A História do Teatro Paranaense, definitivamente, tem no ano de 1963 um importante marco: nessa data foram criados o Teatro de Comédia do Paraná (TCP) e o Curso Permanente de Teatro (CPT). Foi Fernando Pessoa, diretor do Teatro Guaíra na época, que viabilizou os dois projetos que foram dirigidos, respectivamente, por Cláudio Correia e Castro e Armando Maranhão.
Houve grande incentivo do então governador do estado, Ney Braga, nessa empreitada para que Curitiba se tornasse “referência em produção teatral no Brasil”. Grandes nomes do teatro paranaense passaram pelo Teatro de Comédia do Paraná: alguns deles são Lala Shneider, Delcy D’Ávila e Edson D´Ávila, José Basso, Maurício Távora, Jane Martins, Sale Wolokita, Fernando Zeni, Eddy Franciosi, Joel de Oliveira, Roberto Menghini, José Maria Santos, Juve Garcia e Christo Dickoff – são, de fato, muitos: fica sempre a sensação de que o recorte é injusto ou insuficiente.
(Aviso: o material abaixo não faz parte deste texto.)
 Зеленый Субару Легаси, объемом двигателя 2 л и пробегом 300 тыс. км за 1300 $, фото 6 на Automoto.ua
Aos poucos, estou certo, vamos juntos re-constituindo, re-contando, re-configurando e re-narrando a(s) história(s) do(s) teatro(s) daqui.
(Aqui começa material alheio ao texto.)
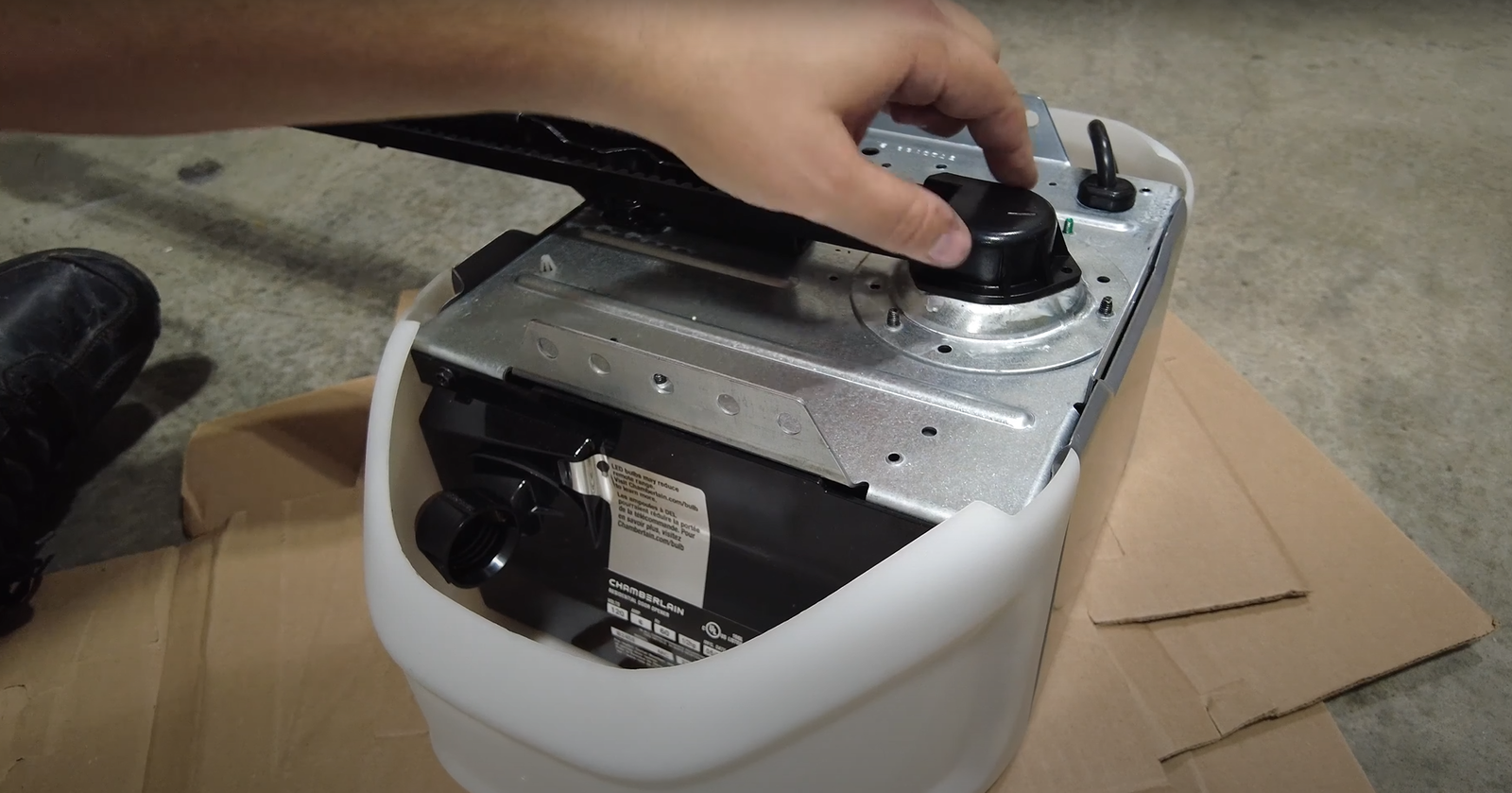 a garage door opener getting repaired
Segundo a jornalista Celina Alvetti, que durante alguns anos da década de 1980 assinou uma coluna de crítica de teatro no extinto jornal Correio de Notícias, foi a partir do Teatro de Comédia que se realizaram “grandes e aplaudidas produções”, “projetando o nosso teatro nos principais centros do país”. O Teatro de Comédia do Paraná foi responsável por “montagens de peças de autores nacionais como Millôr Fernandes, de clássicos como Shakespeare, ou autores internacionais contemporâneos como Ibsen foram muito bem recebidas pelo público e pela crítica”.
Há muito para se falar sobre o TCP e seus 11 anos consecutivos de produção – suas inúmeras montagens, sua representatividade e importância para se pensar a cultura, o teatro e o artista do Paraná. O que mobiliza esse breve texto, no entanto, é a sua reativação, com o lançamento de dois editais, com vigência para 2016, promovido pelo Centro Cultural Teatro Guaíra (CCTG) e a Secretaria de Estado da Cultura.
Segundo consta, “o primeiro edital se refere à reativação do Teatro de Comédia do Paraná que produzirá no primeiro semestre de 2016 um texto inédito de autor paranaense ou residente no Estado” e o outro “prevê a ocupação dos auditórios do CCTG (Guairinha, Mini e José Maria Santos) por grupos paranaenses que apresentarão peças de classificação adulta e infantil”.
Especificamente sobre o TCP, a reativação, por meio do edital de dramaturgia, prevê a montagem de um texto de autor paranaense no gênero comédia para adultos. É possível se inscrever até 15 de janeiro de 2016 no edital em que um dos itens explicita que o texto não pode “conter personagens que exijam um elenco acima do razoável para as características da montagem pretendida”.
Fala-se em uma “valorização dos autores paranaenses” já que, segundo o secretário de Cultura do Estado, João Luiz Fiani, “o concurso de dramaturgia preenche uma lacuna, a de espaço para os autores do nosso estado. Com o concurso daremos chance a novos e consagrados dramaturgos do Paraná. O melhor texto será encenado pelo TCP e percorrerá um roteiro por cidades do estado, dentro do projeto Circula Paraná. As melhores peças estarão num livro, uma grande oportunidade para valorização dos autores”.
Vem de fora o diretor, no entanto. O nome, dessa vez, é o do paulista Alexandre Reinecke, que também será responsável “pela seleção de cenários e figurinos”. O restante da equipe vai ser escolhida em fevereiro.
É importante se pensar e debater o que, exatamente, significa a retomada desse teatro “institucionalizado” em Curitiba – uma cidade que, segundo Ivam Cabral, desde a década de 1970 (antes mesmo da regulamentação profissional, de 1978) e com maior expressividade na década de 1990 (período em que as escolas de teatro surgem, em maior número), se caracterizou com uma produção de grupos interessados em pesquisas próprias.
O passado não se repete, ainda que se tente.